***** Information shown *****
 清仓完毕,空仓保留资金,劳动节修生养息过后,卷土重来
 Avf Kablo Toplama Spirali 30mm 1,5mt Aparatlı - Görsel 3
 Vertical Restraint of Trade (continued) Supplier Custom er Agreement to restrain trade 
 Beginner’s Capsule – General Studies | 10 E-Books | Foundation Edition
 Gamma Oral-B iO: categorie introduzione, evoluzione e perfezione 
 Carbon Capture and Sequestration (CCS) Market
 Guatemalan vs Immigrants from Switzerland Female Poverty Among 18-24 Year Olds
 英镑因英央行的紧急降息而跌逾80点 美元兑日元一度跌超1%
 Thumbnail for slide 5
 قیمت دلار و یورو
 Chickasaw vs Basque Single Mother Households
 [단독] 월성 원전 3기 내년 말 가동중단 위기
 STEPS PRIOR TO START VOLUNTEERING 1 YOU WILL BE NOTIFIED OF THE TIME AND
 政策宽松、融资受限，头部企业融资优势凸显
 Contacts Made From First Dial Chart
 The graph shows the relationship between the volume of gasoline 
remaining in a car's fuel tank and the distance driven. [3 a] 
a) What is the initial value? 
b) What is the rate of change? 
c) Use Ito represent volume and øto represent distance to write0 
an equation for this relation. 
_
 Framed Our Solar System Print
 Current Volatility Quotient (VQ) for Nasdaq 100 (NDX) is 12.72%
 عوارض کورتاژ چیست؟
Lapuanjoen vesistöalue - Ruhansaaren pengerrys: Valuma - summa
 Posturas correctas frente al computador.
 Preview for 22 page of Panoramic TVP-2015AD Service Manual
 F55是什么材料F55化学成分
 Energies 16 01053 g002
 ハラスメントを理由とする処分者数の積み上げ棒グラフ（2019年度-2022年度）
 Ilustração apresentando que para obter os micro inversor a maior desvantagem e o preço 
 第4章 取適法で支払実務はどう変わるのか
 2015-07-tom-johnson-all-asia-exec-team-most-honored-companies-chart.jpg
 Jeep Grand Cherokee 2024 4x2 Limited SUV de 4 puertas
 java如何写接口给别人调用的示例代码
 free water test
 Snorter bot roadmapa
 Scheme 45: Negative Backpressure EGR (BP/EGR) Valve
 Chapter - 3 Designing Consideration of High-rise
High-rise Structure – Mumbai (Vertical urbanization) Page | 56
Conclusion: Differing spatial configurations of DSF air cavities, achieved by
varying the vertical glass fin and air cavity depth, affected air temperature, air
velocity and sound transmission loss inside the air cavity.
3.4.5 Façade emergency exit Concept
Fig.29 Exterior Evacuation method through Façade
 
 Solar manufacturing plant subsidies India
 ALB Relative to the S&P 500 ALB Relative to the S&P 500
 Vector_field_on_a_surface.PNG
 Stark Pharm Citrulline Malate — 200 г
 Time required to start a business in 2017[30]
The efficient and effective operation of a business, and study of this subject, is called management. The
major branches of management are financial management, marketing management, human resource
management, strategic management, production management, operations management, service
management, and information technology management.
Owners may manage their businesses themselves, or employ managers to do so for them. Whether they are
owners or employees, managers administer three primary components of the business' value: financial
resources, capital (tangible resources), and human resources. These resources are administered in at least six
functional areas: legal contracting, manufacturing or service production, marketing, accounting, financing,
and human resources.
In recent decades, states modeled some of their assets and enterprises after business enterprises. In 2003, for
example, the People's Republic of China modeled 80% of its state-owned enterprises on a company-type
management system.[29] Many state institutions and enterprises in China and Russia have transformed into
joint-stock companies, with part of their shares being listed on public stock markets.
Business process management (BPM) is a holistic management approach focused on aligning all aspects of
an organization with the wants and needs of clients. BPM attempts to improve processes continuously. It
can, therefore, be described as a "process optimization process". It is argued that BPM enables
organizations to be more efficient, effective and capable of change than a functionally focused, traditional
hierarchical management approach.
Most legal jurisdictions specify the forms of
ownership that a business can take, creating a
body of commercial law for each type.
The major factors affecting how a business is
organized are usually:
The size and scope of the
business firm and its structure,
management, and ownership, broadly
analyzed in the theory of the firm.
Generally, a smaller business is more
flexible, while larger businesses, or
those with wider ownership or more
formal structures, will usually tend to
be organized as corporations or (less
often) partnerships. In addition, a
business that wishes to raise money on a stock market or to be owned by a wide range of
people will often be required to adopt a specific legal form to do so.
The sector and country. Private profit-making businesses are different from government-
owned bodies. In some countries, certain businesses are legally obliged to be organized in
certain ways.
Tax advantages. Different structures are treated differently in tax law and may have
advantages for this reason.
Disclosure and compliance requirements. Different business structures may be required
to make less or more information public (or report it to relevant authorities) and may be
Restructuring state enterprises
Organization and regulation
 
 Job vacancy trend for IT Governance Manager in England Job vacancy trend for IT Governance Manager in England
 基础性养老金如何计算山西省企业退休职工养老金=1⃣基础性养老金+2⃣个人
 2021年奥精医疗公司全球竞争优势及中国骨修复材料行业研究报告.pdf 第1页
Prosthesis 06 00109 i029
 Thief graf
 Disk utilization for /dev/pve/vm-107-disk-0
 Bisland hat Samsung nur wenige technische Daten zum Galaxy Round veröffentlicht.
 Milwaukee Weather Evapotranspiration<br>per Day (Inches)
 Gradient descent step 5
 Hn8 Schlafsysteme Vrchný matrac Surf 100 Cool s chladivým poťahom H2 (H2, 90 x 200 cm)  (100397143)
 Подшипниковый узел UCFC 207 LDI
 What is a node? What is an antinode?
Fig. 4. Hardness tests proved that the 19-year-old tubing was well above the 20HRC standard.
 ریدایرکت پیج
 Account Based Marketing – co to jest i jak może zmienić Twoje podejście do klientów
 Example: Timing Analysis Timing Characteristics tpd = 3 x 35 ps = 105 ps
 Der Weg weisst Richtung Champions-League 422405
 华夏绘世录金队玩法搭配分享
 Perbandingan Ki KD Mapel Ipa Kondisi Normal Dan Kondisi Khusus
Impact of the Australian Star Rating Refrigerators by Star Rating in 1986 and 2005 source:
*****
» **Problem to work on**: Find the number of lines in the listing that carry the word "What". Only that figure should appear in the reply.

» **Response for this exercise**: 3